• [Extracted information]:
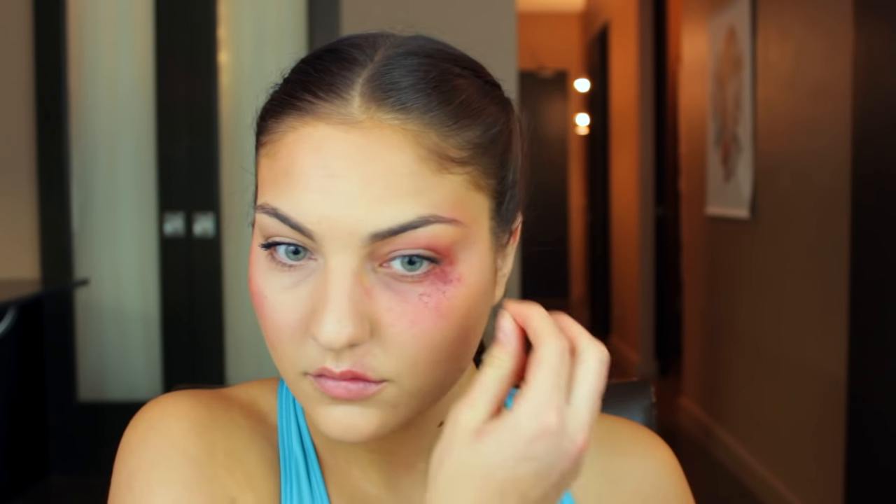Next I'm taking this Ben Nye burn wheel and I'm going to take some of the red colors from that palette and apply that onto the high point of my cheekbones. You want to think about where the point of impact would be if someone was to actually punch you in the cheek. Then I'm taking a stipple sponge and dipping that into some of the maroony purpley colors and stippling that onto the bruise — this almost looks like broken capillaries and it really helps create the effect of a bruise.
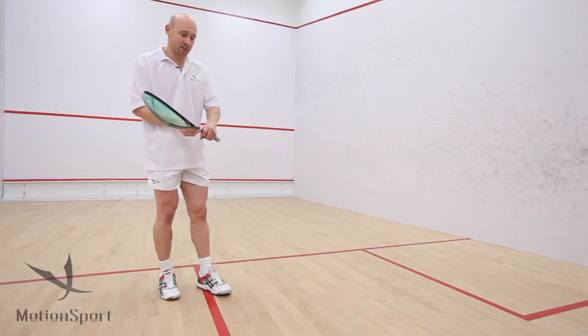With a bit of practice you'll be able to return it back down the wall again. And if you're in real trouble then boast it, but at least you're in a good position and with a short grip you can actually make a swing.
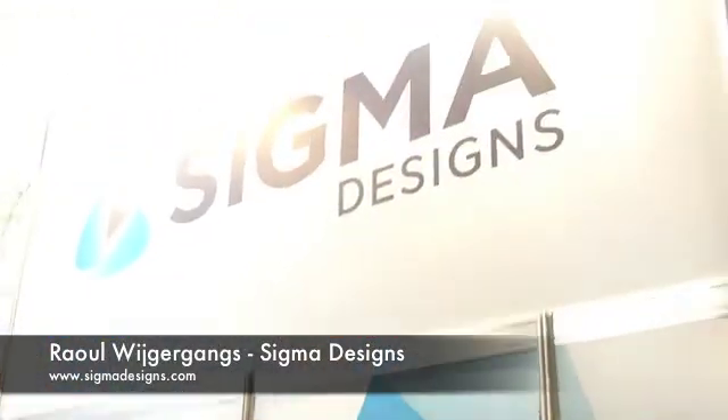My name is Raul Widjegangs. I'm responsible for sales in Europe for Sigma Designs, as well as the product line of Z-Wave.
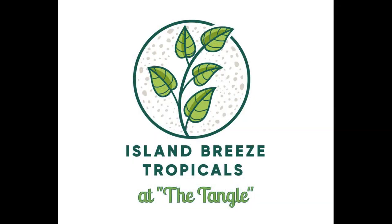Hello everybody, I'm Rusty. I want to welcome you to Island Breeze Tropicals. Today we're going to be taking a look at bromeliad anatomy and we're going to look at what's called a stolon.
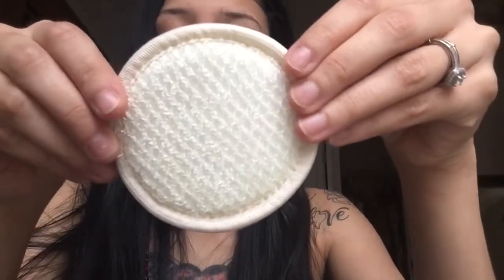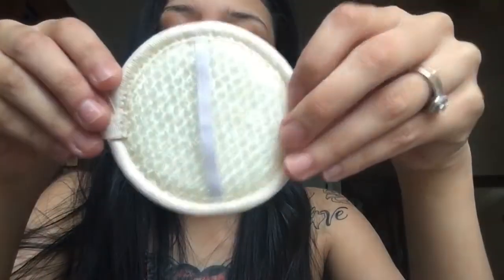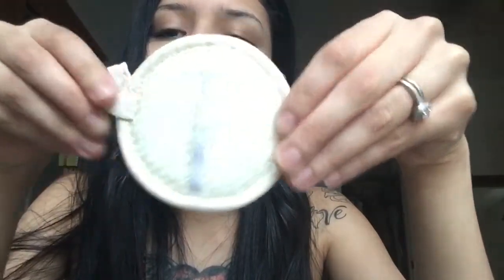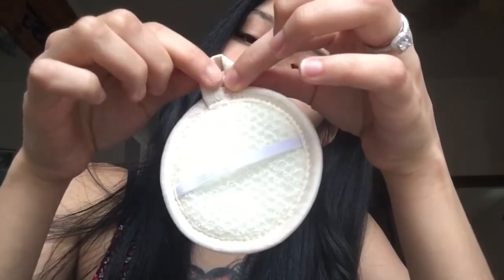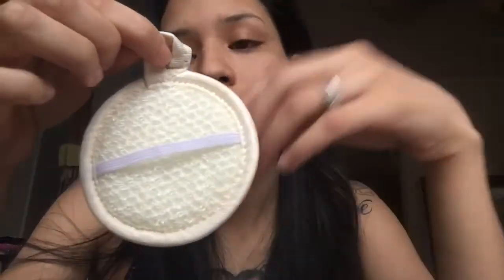I'm going to go ahead and open it and exfoliate. Here it is. There's a little strap, a little hook, and a little whatever this is to hang it up. This is good. On the package, I noticed that there are no instructions really. I'm assuming simply because it's an exfoliator thing that I just exfoliate.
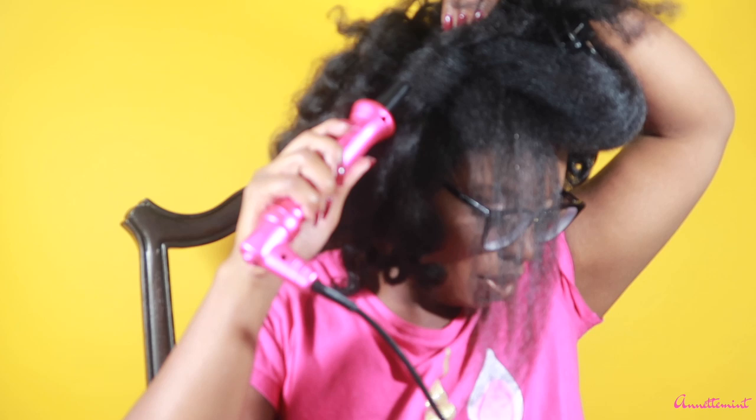Secondly, this thing kept falling off the counter. I had to end up going into my bathroom — you guys didn't see that footage — but 30 minutes in, I had to move there to finish my hair. It kept slipping off the counter because it doesn't have a clasp or lever to hold it in place. There's nothing to keep it on the counter, and I'm like, I don't need my feet to be burning.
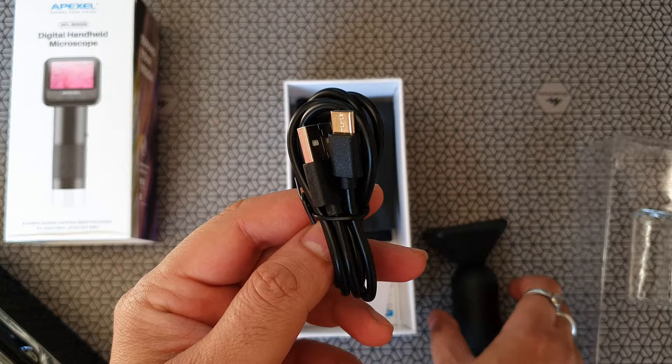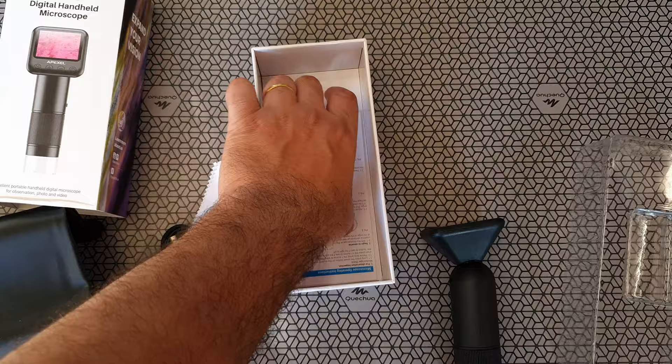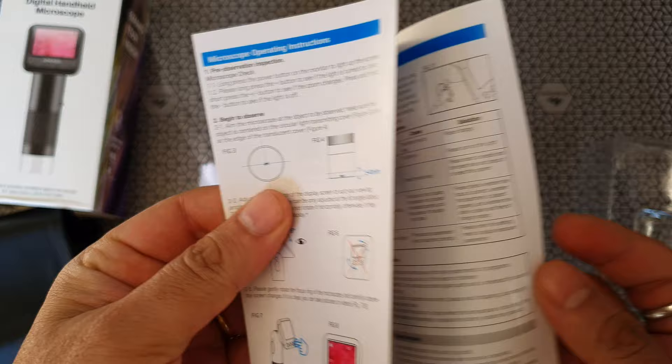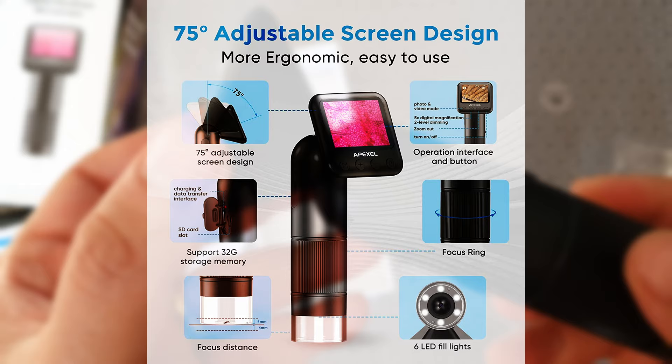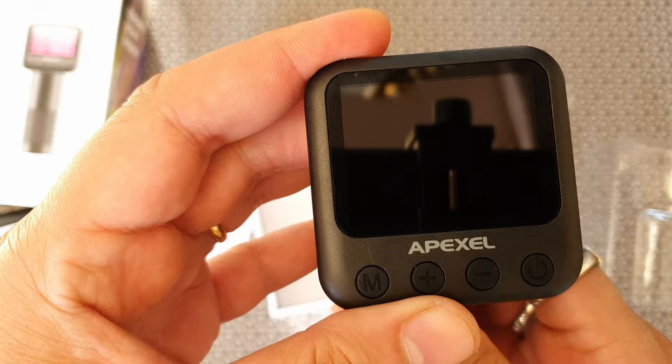There are some USB cables here — that's a Type-C cable. There's a carrying pouch as well, which makes it more convenient to move around. And there's a user manual, a nice color manual with instructions. Also, you'll notice it's got a flexible head, which means if you want to turn this device towards your viewing angle and adjust it, you can do that. Very neat feature.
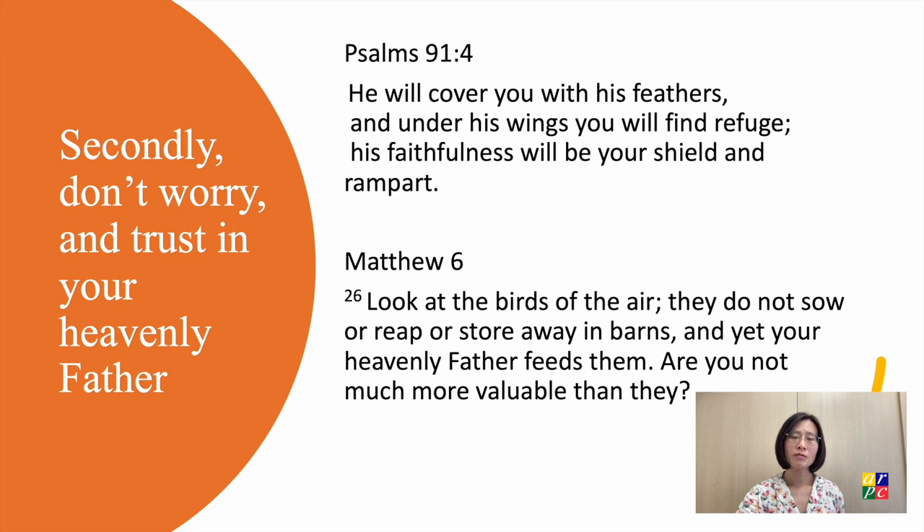When there is someone who is absolutely trustworthy — he is all-powerful, all-knowing, and all-loving — and this person tells you that he's got your back, he loves you, and he cares for you, and he will provide for your needs.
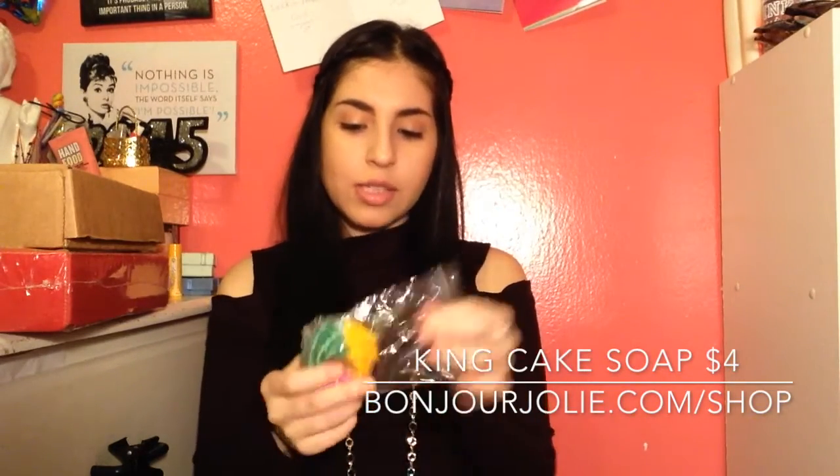So, getting into this, we have some Mardi Gras beads, then we have our cleansing cloths and our Advil. Then we have a soap. I believe if you purchase on the site that I link, 75% of the proceeds go to the New Orleans Women and Children's Shelter, which is awesome. And it smells really good — it's like a cinnamon vanilla. I really like this.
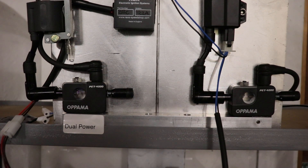We've got both systems set on the testbed: the dual power on the left, the standard single power source coil system on the right. You can see we're using the combined HT coil and CDI unit, which is common in many other people's kits.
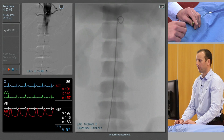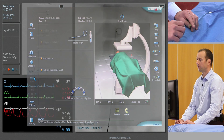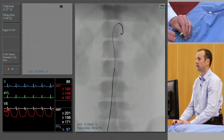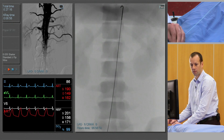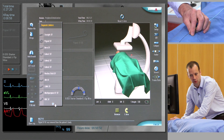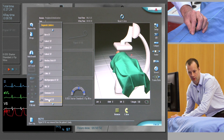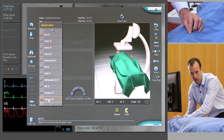So we'll remove the diagnostic catheter — the pigtail catheter — and reinsert the guide wire. We're going to replace it with a catheter that will let us engage the superior mesenteric artery. For this, we need a reverse-curve catheter, typically a sidewinder, otherwise known as a Simmons II catheter.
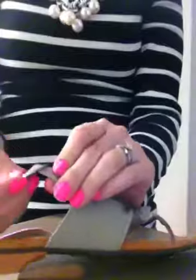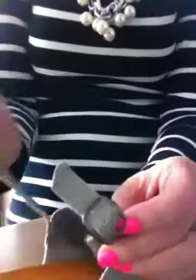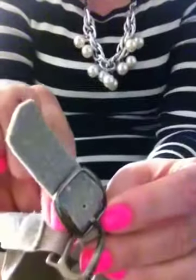I'm going to show you how to buckle this sandal, the Susie sandal. You just take this little hook and slip it around like that.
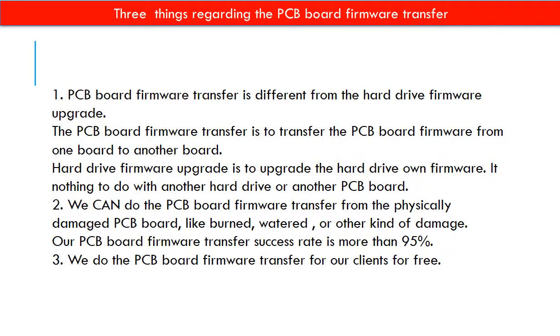Regarding the hard drive PCB board firmware transfer, we have three things to mention. First, PCB board firmware transfer is different from a hard drive firmware upgrade. The firmware transfer moves the PCB board firmware from one board to another; the firmware upgrade upgrades the hard drive's own firmware — we have nothing to do with another hard drive or another PCB board. Second, we can do the firmware transfer from a physically damaged PCB board, such as burned, water-damaged, or other kinds of damage. Our PCB board firmware transfer success rate is more than 95%. Third, we do the PCB board firmware transfer for our clients for free.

• [Work request]:
Set down the lines of the records above exactly, apart from the pictures.

• [Result of the exercise]:
Next I'm taking this Ben Nye burn wheel and I'm going to take some of the red colors from that palette and apply that onto the high point of my cheekbones. You want to think about where the point of impact would be if someone was to actually punch you in the cheek. Then I'm taking a stipple sponge and dipping that into some of the maroony purpley colors and stippling that onto the bruise — this almost looks like broken capillaries and it really helps create the effect of a bruise.
With a bit of practice you'll be able to return it back down the wall again. And if you're in real trouble then boast it, but at least you're in a good position and with a short grip you can actually make a swing.
My name is Raul Widjegangs. I'm responsible for sales in Europe for Sigma Designs, as well as the product line of Z-Wave.
Hello everybody, I'm Rusty. I want to welcome you to Island Breeze Tropicals. Today we're going to be taking a look at bromeliad anatomy and we're going to look at what's called a stolon.
I'm going to go ahead and open it and exfoliate. Here it is. There's a little strap, a little hook, and a little whatever this is to hang it up. This is good. On the package, I noticed that there are no instructions really. I'm assuming simply because it's an exfoliator thing that I just exfoliate.
Secondly, this thing kept falling off the counter. I had to end up going into my bathroom — you guys didn't see that footage — but 30 minutes in, I had to move there to finish my hair. It kept slipping off the counter because it doesn't have a clasp or lever to hold it in place. There's nothing to keep it on the counter, and I'm like, I don't need my feet to be burning.
There are some USB cables here — that's a Type-C cable. There's a carrying pouch as well, which makes it more convenient to move around. And there's a user manual, a nice color manual with instructions. Also, you'll notice it's got a flexible head, which means if you want to turn this device towards your viewing angle and adjust it, you can do that. Very neat feature.
When there is someone who is absolutely trustworthy — he is all-powerful, all-knowing, and all-loving — and this person tells you that he's got your back, he loves you, and he cares for you, and he will provide for your needs.
So, getting into this, we have some Mardi Gras beads, then we have our cleansing cloths and our Advil. Then we have a soap. I believe if you purchase on the site that I link, 75% of the proceeds go to the New Orleans Women and Children's Shelter, which is awesome. And it smells really good — it's like a cinnamon vanilla. I really like this.
We've got both systems set on the testbed: the dual power on the left, the standard single power source coil system on the right. You can see we're using the combined HT coil and CDI unit, which is common in many other people's kits.
So we'll remove the diagnostic catheter — the pigtail catheter — and reinsert the guide wire. We're going to replace it with a catheter that will let us engage the superior mesenteric artery. For this, we need a reverse-curve catheter, typically a sidewinder, otherwise known as a Simmons II catheter.
I'm going to show you how to buckle this sandal, the Susie sandal. You just take this little hook and slip it around like that.
Regarding the hard drive PCB board firmware transfer, we have three things to mention. First, PCB board firmware transfer is different from a hard drive firmware upgrade. The firmware transfer moves the PCB board firmware from one board to another; the firmware upgrade upgrades the hard drive's own firmware — we have nothing to do with another hard drive or another PCB board. Second, we can do the firmware transfer from a physically damaged PCB board, such as burned, water-damaged, or other kinds of damage. Our PCB board firmware transfer success rate is more than 95%. Third, we do the PCB board firmware transfer for our clients for free.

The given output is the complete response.